If anything, it’s the absence of dysfunction that’s causing me to stress. Over the years the number of people at family dinners has dwindled. Plans aren’t made until the last minute and not everyone for personal reasons can stand to be in the same room as one another. I’d say for the past five years or so I’ve started dreading the holidays, wondering how many I have left with my grandparents (anticipatory grief for the win, yo!) and whether or not I’ll still see my family once they’re gone. This weekend I won’t even see my Dad or his side of the family and that shit’s causing me to binge cookie eat like there’s no tomorrow.
But Libby, I thought this was going to be a happy post? You brought us here under false pretenses! LIAR!
Ugh. Fine. You Ninny.
I have a lot in my life to be thankful for. The only reason I’m stressing so hard is because I know how lucky I am to have my grandparents (both sets) still with me. I just wish there was a way to freeze these moments and make them last forever! I feel so much pressure to make memories and cherish my time with not only my grandparents, but my nieces while they’re still little. It kills me that I can’t just live in the moment. It’s like taking so many pictures of a concert you forget to actually watch the concert. It’s just. like. that.

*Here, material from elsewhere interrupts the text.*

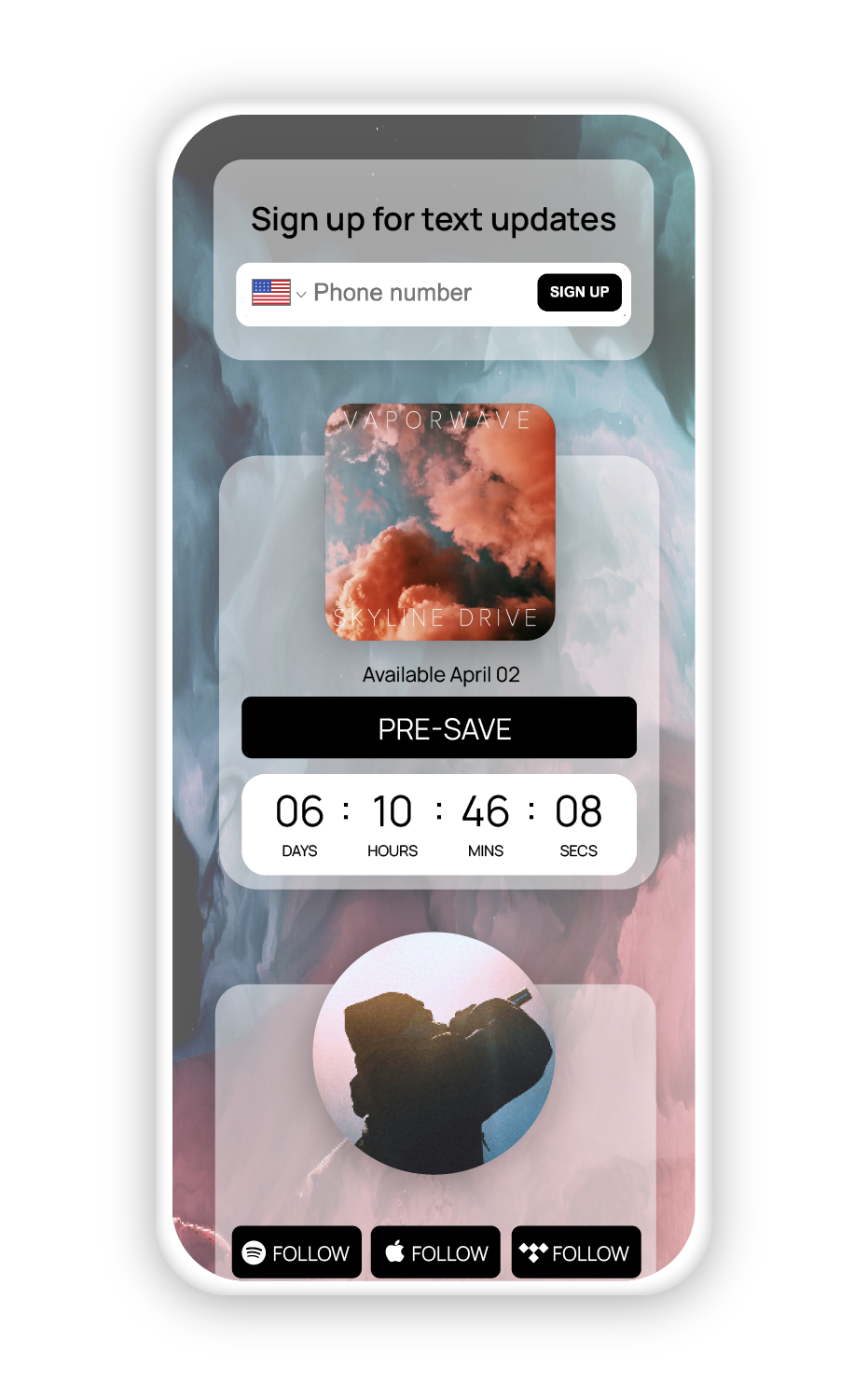 Artist landing page on mobile phone with pre-save and SMS sign up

To bring myself out of my funk, I’ve decided to list what I’m thankful for:
1. My family and friends. The lines are so blurred I don’t know who’s a friend and who’s family anymore. My heart is a hoarder and they are my bags of garbage.
2. Special shout out to my nieces Abby and Lola for being the little angels that make me smile. I was not a baby person before they arrived. AT ALL. These two kick started my little Grinch sized heart and give the best cuddles.
3. My fur babies. Yep. They get special shout out too! Nothing better then having a serious conversation with your cat while she purrs on your chest. NOTHING!
4. My health – I sometimes treat this body like a garbage disposal but so far it’s held up to the wear and tear. Thank you little body. Thank you.
5. This blog! I’ve loved making new WordPress friends and for everyone who’s commented on, viewed or shared my writing. I appreciate your support and encouragement to keep blogging.